Colleague David Brough (Jewellery Outlook) in action interviewing Iris van der Veken (Watch & Jewellery Initiative 2030)  Next image: Hayley Henning, Rebecca Foerster (Hearts on Fire), Lita Asscher (Asscher Diamonds) and Esther Ligthart.

My Journey to JCK Las Vegas: A Jewel in the Desert

It was still a winter’s day when an invitation dropped into my mailbox. As soon as I saw the sender, I felt a surge of excitement. Once again, I was invited to fly from the Netherlands to Las Vegas to attend one of the world’s biggest jewelry shows in the business-to-business arena!

The Long Journey

On May 29, very early morning, I drove my Beetle to Schiphol Airport and began my long journey. Without a direct flight, the trip took a grueling nineteen hours. Finally, I landed in Vegas, and after a quick shower, I headed straight to the neighboring Wynn Hotel. Due to a knee injury and my exhaustion, I opted for a short taxi ride. The driver, clearly irritated by the brevity of the ride, vented his frustration. As I observed his Gucci hat and matching fanny pack, I wondered why people who might not afford such luxuries still gravitate toward these logo-branded items. This wasn’t a judgment but an observation. The allure of status symbols is powerful, much like in the jewelry and watch industries.

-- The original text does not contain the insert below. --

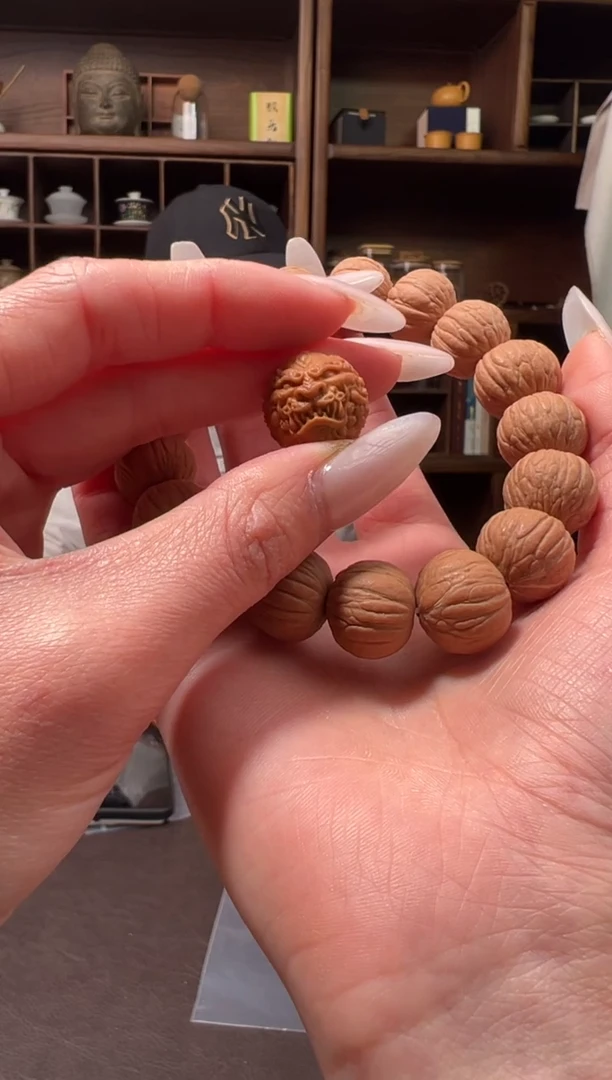 【闪购商品】猴头核桃吊坠原皮15mm+狮子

Jewelry, accessories, and fashion items often spark conversation. While status symbols can evoke admiration, they can also elicit smirks. It depends on our perception of the person sporting them. We usually expect a cohesive image that aligns with their perceived status. When something feels off-balance, it catches our attention. Again, this is not a judgment but an observation that helped distract me from the taxi driver’s ranting.

The Sustainability Summit

I hurried to the Wynn Hotel because of a kind invitation from Iris van der Veken. The Watch & Jewellery Initiative 2030 was hosting its first-ever Sustainability Summit at JCK. I was eager to meet the impressive Marie Claire Daveu, Chief Sustainability and Institutional Affairs Officer at KERING and Co-Chair of the Watch & Jewellery Initiative 2030. In an intimate and informal setting, a select group of invitees gathered to engage in meaningful conversations, meet Marie-Claire, and enjoy some delightful pescatarian cuisine. The absence of meat was a welcome feature for me, as I am a pescatarian. The Sustainability Summit at JCK was held the next day, and despite disappointing attendance, it was a masterclass in storytelling and an insightful, important event highlighting where the future of the jewelry industry is going. This is where true leadership is shown, and crucial information is shared. 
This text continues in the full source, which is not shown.